> [The problem]:
Reproduce, exactly and in full, only the lines below from the one containing "53720 - Klein" through the one containing "Buy cheap Bank".

> [Data for this exercise]:
┏━━

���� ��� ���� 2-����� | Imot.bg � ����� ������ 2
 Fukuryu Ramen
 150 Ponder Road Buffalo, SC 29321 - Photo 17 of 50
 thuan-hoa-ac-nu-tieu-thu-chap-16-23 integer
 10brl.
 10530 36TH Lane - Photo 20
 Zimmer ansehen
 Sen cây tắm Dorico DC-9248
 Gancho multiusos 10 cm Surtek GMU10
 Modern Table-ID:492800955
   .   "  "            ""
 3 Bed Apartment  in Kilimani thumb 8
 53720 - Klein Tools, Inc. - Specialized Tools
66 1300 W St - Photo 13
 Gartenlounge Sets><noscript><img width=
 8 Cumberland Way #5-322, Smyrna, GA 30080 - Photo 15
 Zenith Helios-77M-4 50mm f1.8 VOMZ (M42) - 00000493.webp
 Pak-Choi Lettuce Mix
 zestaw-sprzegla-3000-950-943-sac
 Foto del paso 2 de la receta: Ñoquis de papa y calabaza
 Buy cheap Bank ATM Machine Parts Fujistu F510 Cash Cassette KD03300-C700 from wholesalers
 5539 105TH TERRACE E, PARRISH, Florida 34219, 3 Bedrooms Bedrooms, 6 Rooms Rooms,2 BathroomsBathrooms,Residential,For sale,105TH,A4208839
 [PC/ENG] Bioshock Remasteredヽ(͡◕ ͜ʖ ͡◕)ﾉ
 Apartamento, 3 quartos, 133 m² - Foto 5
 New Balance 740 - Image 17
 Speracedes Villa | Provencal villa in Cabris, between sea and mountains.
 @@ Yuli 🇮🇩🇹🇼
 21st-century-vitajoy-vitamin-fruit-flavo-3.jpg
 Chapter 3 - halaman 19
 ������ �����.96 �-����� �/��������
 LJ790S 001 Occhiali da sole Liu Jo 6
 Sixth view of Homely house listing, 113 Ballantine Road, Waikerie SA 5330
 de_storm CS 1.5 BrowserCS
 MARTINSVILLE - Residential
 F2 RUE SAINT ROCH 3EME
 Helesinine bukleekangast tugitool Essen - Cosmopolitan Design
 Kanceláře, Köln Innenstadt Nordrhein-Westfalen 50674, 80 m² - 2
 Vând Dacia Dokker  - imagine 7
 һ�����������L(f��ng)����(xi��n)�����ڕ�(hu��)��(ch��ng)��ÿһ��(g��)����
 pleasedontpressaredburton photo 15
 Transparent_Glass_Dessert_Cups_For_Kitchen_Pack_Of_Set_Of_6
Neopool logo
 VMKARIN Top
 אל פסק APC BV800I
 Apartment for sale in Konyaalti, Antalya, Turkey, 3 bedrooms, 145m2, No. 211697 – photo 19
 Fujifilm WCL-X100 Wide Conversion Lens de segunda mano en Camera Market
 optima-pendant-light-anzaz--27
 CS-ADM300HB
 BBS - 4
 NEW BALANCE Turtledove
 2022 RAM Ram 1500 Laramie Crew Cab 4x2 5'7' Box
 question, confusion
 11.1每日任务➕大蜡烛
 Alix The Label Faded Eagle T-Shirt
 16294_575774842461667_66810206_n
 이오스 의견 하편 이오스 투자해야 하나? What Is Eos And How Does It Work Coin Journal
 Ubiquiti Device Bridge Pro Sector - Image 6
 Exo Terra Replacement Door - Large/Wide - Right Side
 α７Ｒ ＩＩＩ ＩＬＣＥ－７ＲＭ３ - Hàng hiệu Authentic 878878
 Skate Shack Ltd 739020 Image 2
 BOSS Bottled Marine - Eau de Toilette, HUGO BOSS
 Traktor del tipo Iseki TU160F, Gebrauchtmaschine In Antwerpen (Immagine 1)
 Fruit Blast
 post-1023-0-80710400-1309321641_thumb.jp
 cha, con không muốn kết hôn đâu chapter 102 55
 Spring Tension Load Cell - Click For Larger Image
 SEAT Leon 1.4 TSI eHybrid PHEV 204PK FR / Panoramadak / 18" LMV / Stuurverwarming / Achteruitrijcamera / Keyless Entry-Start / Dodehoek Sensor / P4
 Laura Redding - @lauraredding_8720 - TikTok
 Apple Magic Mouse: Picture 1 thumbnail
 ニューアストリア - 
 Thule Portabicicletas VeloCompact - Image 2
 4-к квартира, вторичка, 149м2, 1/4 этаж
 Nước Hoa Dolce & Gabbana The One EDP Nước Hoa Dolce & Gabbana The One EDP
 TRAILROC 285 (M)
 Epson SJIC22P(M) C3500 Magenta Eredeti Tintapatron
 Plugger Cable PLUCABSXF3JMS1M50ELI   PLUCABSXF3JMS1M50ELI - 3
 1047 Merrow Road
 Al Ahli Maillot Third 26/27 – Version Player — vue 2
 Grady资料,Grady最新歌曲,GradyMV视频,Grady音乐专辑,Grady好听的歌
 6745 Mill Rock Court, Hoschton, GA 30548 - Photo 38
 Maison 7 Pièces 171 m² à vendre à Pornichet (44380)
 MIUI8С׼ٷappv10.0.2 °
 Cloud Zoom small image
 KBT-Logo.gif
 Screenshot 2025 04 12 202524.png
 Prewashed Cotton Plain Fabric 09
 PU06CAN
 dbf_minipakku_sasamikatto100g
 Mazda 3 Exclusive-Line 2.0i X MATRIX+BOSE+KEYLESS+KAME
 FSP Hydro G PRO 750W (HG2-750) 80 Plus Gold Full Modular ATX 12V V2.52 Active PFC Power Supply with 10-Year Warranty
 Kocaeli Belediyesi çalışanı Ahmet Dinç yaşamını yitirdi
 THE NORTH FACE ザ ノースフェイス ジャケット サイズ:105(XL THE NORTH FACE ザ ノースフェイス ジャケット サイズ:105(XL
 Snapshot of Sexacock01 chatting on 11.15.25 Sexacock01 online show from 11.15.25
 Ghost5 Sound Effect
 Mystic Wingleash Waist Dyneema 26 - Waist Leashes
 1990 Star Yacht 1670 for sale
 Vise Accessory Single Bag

┗━━

> [Response to this exercise]:
 53720 - Klein Tools, Inc. - Specialized Tools
66 1300 W St - Photo 13
 Gartenlounge Sets><noscript><img width=
 8 Cumberland Way #5-322, Smyrna, GA 30080 - Photo 15
 Zenith Helios-77M-4 50mm f1.8 VOMZ (M42) - 00000493.webp
 Pak-Choi Lettuce Mix
 zestaw-sprzegla-3000-950-943-sac
 Foto del paso 2 de la receta: Ñoquis de papa y calabaza
 Buy cheap Bank ATM Machine Parts Fujistu F510 Cash Cassette KD03300-C700 from wholesalers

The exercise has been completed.